+++ DATASET CONTENT
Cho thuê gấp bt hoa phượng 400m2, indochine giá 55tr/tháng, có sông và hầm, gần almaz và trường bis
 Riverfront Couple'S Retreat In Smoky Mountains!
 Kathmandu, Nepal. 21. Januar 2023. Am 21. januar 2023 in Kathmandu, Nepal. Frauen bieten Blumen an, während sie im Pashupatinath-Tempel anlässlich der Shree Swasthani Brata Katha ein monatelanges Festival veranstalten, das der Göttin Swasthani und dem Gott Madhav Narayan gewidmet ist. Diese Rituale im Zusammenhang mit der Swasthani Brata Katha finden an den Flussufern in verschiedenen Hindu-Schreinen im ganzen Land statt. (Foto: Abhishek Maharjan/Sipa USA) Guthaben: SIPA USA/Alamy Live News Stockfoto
++++++
▶ **WHAT NEEDS TO BE DONE**:
The expected output is the lines from the one holding "Riverfront Couple'S Retreat" through the last line of the data, exactly as they appear, with nothing before or after.

▶ **WRITTEN ANSWER**:
 Riverfront Couple'S Retreat In Smoky Mountains!
 Kathmandu, Nepal. 21. Januar 2023. Am 21. januar 2023 in Kathmandu, Nepal. Frauen bieten Blumen an, während sie im Pashupatinath-Tempel anlässlich der Shree Swasthani Brata Katha ein monatelanges Festival veranstalten, das der Göttin Swasthani und dem Gott Madhav Narayan gewidmet ist. Diese Rituale im Zusammenhang mit der Swasthani Brata Katha finden an den Flussufern in verschiedenen Hindu-Schreinen im ganzen Land statt. (Foto: Abhishek Maharjan/Sipa USA) Guthaben: SIPA USA/Alamy Live News Stockfoto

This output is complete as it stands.